Police officer: I'm starting to think Jameson's wrong about you Spidey
Spider-Man: Spread the word chief
Trapster: Hiya bugbrain. I knew that would draw you out.
Spider-Man: Oh great, the Trapster. I've been Spider-Man for about a year and I've already fought this glue stick three times. Do they even give F minus minus? Lets see if I learn from my mistakes. Fourth times gotta be the charm.
(dodges a glue blast from the Trapster and gives him punch sending Trapster crashing into a car. Trapster sets off two glue grenades, but Spider-Man easily kicks them away, but one blows up. Spider-Man shields himself from the paste, but some gets on him and he is stuck on a building. While he is struggling to free himself, Trapster aims his paste gun at him. Just as he is about to pull the trigger, Spider-Man jams it with a web blast causing it to blow up on the villain. Spider-Man frees himself and gets down to see Trapster all covered in paste)
Spider-Man: This is when I leave the Friendly Neighborhood Spider-Man note? Can I borrow a pen? Interesting, villain's eyes widening in terror, but spidey sense not tingling. For those of you new to the Spider-Man experience, let me explain the whole spidey-sense thing. It's like an early warning system that kicks in whenever there's danger and maybe it's on the blink. (knocks on his head) Hello? This thing on? Whoa S.H.I.E.L.D. hellicarrier's coming in low.
Nick Fury: Spider-Man
Spider-Man: Nick Fury, Director of S.H.I.E.L.D. That's the Strategic Homeland Intervention Enforcement and Logistics Division. The super spies. You super spies make an appointment to sneak up on hard working heroes?

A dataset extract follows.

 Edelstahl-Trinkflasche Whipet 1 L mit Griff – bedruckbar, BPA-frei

Nick Fury: Kid (points at the mess left after Spider-Man's battle with Trapster) We got to talk. No one's saying you stop the bad guy, but look around you. Is this the way Captain America would've done it? Cap could have stopped Trapster within 5 seconds. You took 3 minutes. With lots of collateral damage.

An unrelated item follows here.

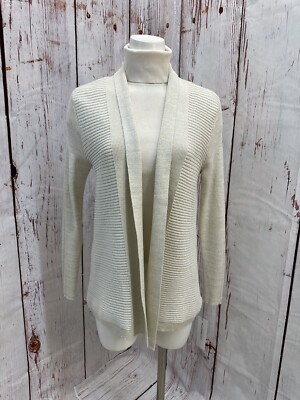 NWT Liz Claiborne Beige Gold Open Cardigan Size Medium TCC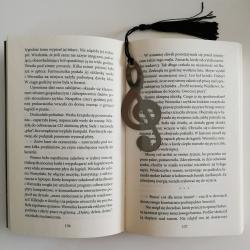 Klucz wiolinowy, zakładka do książki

Spider-Man: I do a good job
Nick Fury: For a clueless rookie.
Spider-Man: Yeah. Huh?
Nick Fury: Look, everyone starts out clueless. Even Iron Man back when he was a novice. But he learned. Eventually. What would you say if I can help turn eventually into right now for Spider-Man?
Spider-Man: Heh. I knew it. You want me to buy a line of self-help books. Not interested. Besides, I'm tapped out til payday so if we're all done here I'm gonna... (turns to leave)
Nick Fury: I'm serious, Peter Parker (Spider-Man stops when he hears him say his real name)
Spider-Man: You know?
Nick Fury: Everything. Super Spy remember?
Spider-Man: And bam! One serious part of my life. Growing up with Uncle Ben and Aunt May, a pretty typical childhood. Until the radioactive spider bite. Then came the powers and that terrible night I lost Uncle Ben. That was when I made a promise to do something good with the hand of fate dealt me. Things I wouldn't joke about even if I knew how.
Nick Fury: With great power comes great responsibility. Good words from a good man
Spider-Man: Uncle Ben was the best
Nick Fury: It's been what? A year now?
Spider-Man: Today would've been his birthday.
Nick Fury: You've honored it doing what you do. Now I'm offering you the chance to do better. To really learn about responsibility.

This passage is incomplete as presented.